## Exercise aim
Write the listing out once more, identical to the original but without pictures.

## Available data
──────────────────────────────

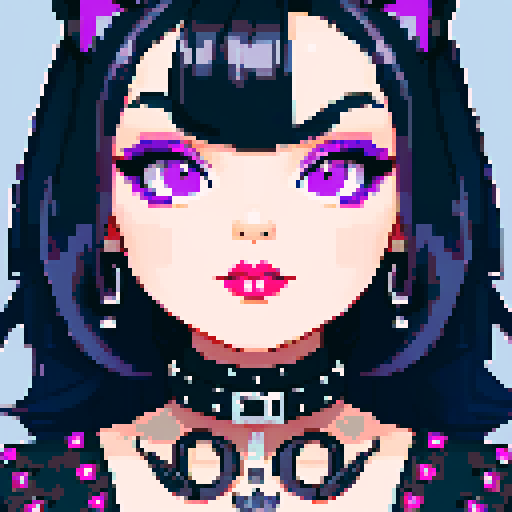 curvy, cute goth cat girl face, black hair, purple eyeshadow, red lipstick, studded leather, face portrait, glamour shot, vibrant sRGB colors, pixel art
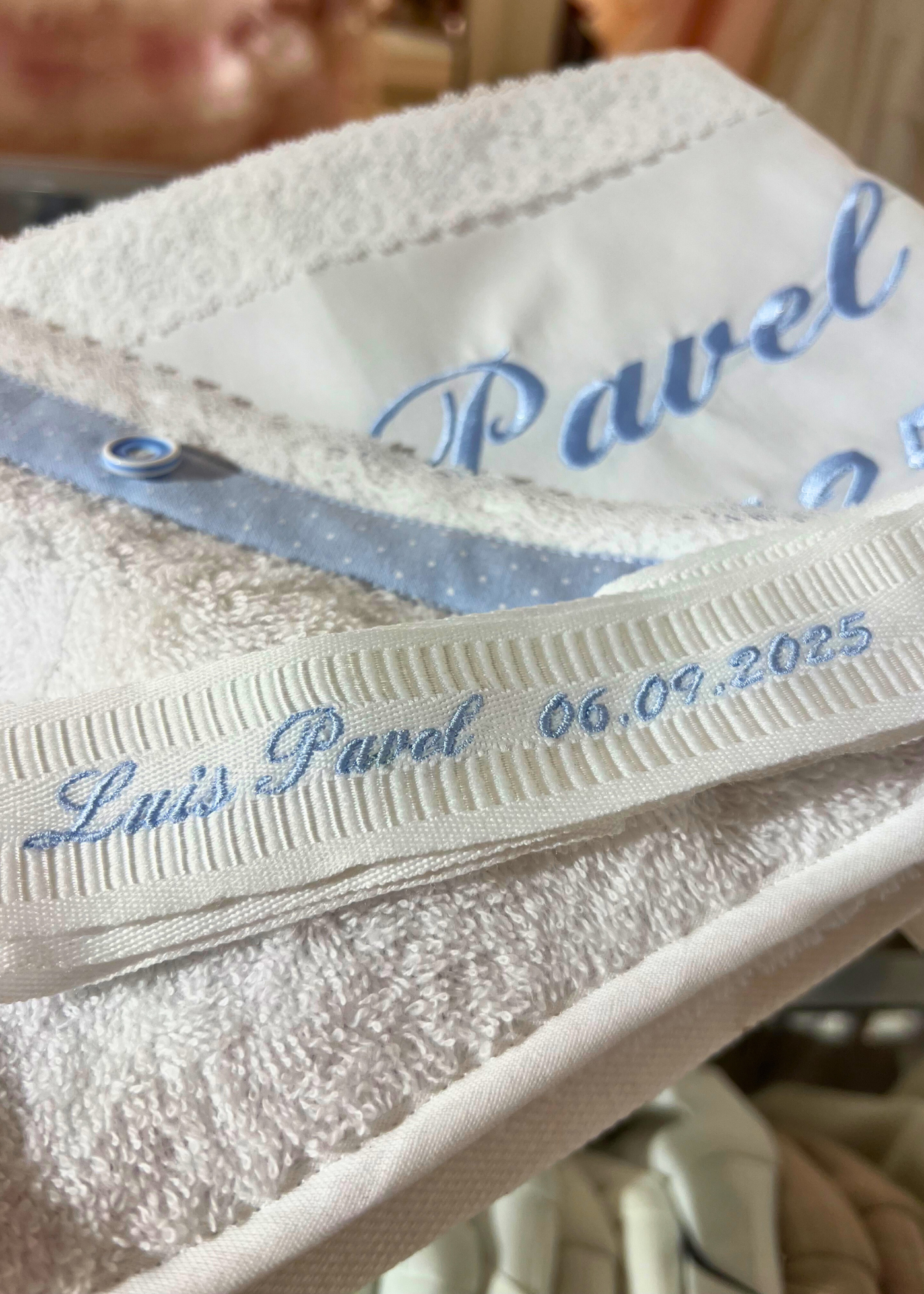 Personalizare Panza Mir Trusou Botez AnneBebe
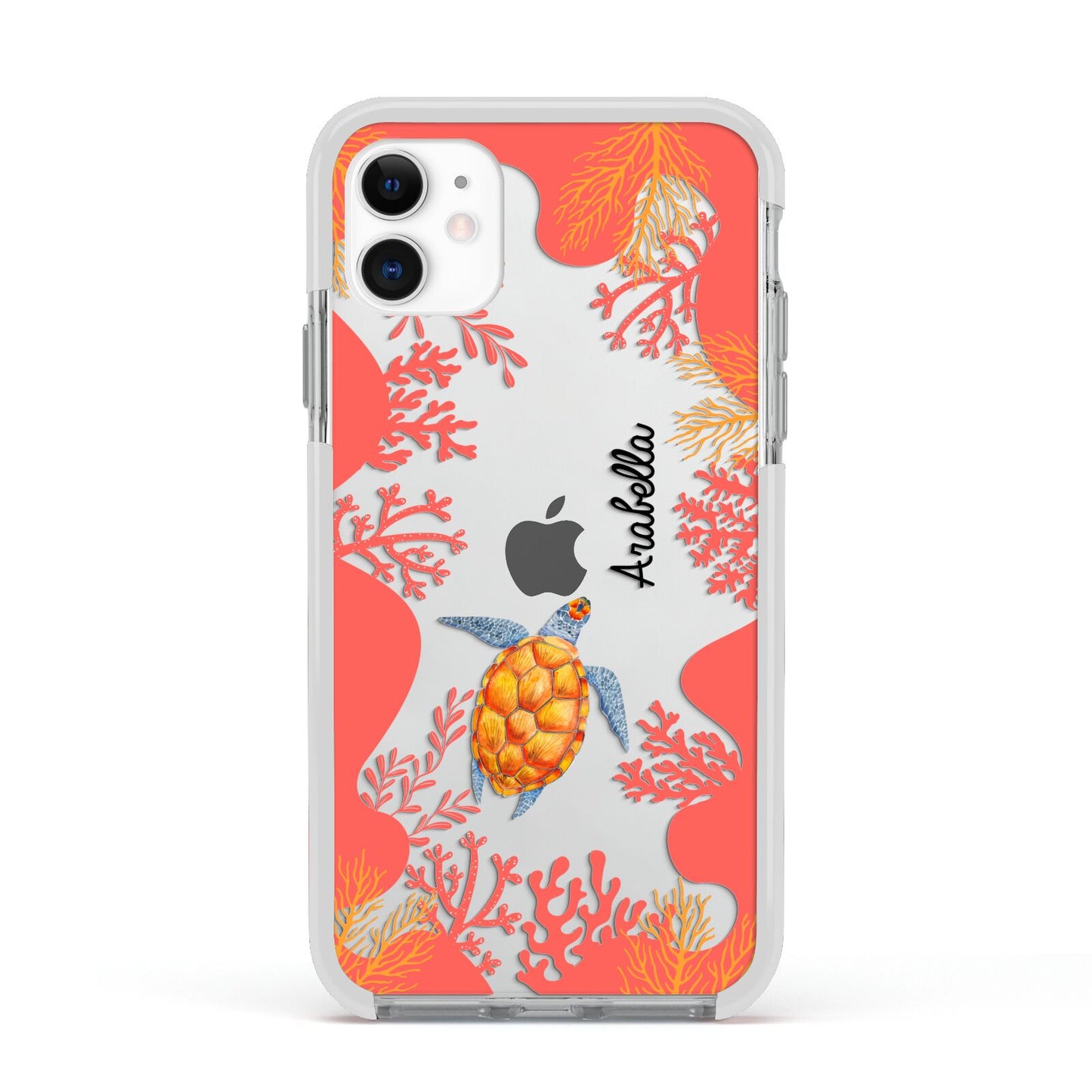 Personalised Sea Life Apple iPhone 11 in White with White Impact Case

──────────────────────────────

## Output
 curvy, cute goth cat girl face, black hair, purple eyeshadow, red lipstick, studded leather, face portrait, glamour shot, vibrant sRGB colors, pixel art
 Personalizare Panza Mir Trusou Botez AnneBebe
 Personalised Sea Life Apple iPhone 11 in White with White Impact Case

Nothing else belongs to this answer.